Latest reinsurance renewal commentary from Guy Carpenter
Guy Carpenter explained that the property catastrophe reinsurance market saw some “significant” price adjustments for loss-impacted programs in peak zones, whereas loss-free accounts in other geographies actually trended flat to down.
With this Index weighted towards peak zone regional perils at the January renewals, the slight rise seems to have been driven more by the loss impacted accounts, than the market as a whole and certainly does away with the idea that the market is broadly harder after this renewal.
The broker said that the renewal was shaped by deteriorating loss experience, a lack of new capital inflows and also increasingly challenged primary insurance and retrocession markets.
While reinsurance supply was seen as in the main sufficient to meet increasing demand, apart from in some of the most constrained areas of the market, Guy Carpenter said that renewal outcomes have varied significantly by geography, line of business and cedent, with their performance one of the key differentiators.

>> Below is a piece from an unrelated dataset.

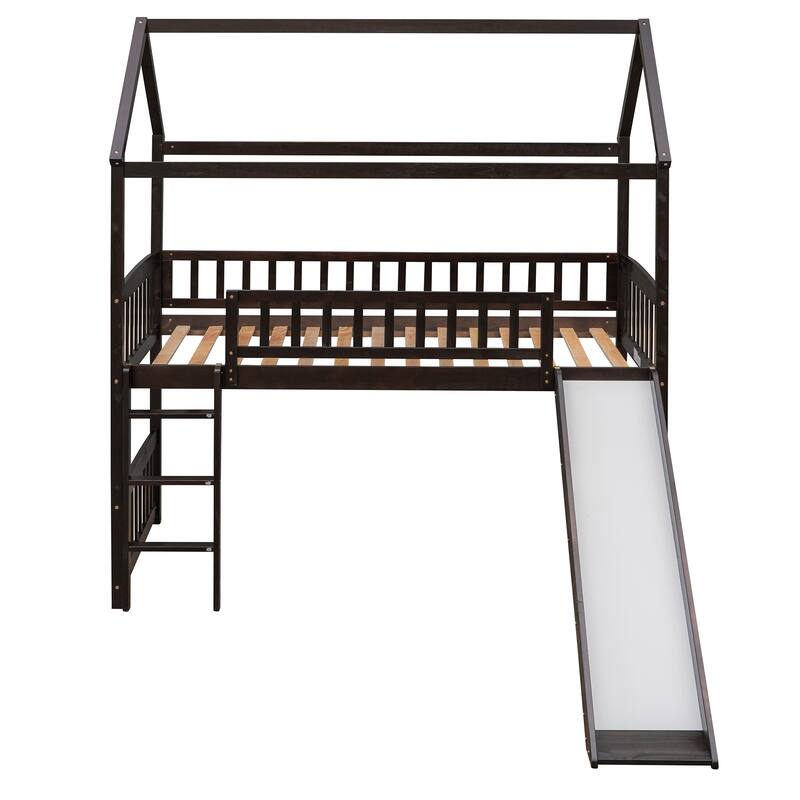Twin Loft Bed with Slide, House Bed, Espresso Finish, Space-Saving Design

Losses and the changing view of risk has been a particular driver for this renewal, the broker said, with reassessments of risk resulting in some drawbacks of capacity after derisking exercises or complete withdrawals of capacity.
Guy Carpenter calls the January 2020 renewal market “asymmetrical”, as certain classes whose performance remained positive and profitable often resulted in flat renewals, or in some cases a modest rate decrease.

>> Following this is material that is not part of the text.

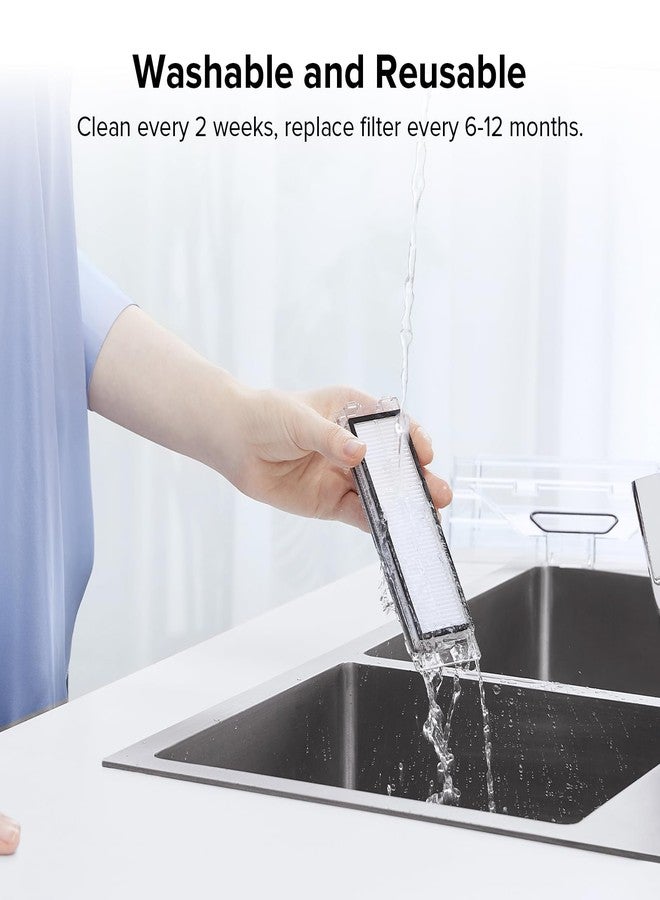 roborock 2 Pack Washable Filter for Roborock Qrevo Master, Qrevo Slim, Saros Z70 Robot Vacuum Cleaner, High-Efficiency Filters Replacement Parts - Image 4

Conversely, the areas of the market that have been more strained saw market corrections, some significant.
The most pronounced reinsurance rate increases were locally felt in specific regions or markets, Guy Carpenter explained, driven mainly by successive years of losses, deterioration in performance and changing perceptions of risk.
* Preliminary numbers.
- View the Guy Carpenter Global Property Catastrophe Rate-On-Line Index.

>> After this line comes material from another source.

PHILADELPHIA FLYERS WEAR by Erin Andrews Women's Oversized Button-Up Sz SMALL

- View the Guy Carpenter U.S. Property Catastrophe Rate-On-Line Index.
The Guy Carpenter ROL index is a measure of the change in dollars paid for coverage year on year on a consistent program base. The index reflects the pricing impact of a growing (or shrinking) exposure base, evolving methods of measuring risk and changes in buying habits, as well as changes in market conditions. Unlike risk-adjusted measurements, the index is not dependent on the model or method used to measure the amount of perceived risk in a program, which can vary widely.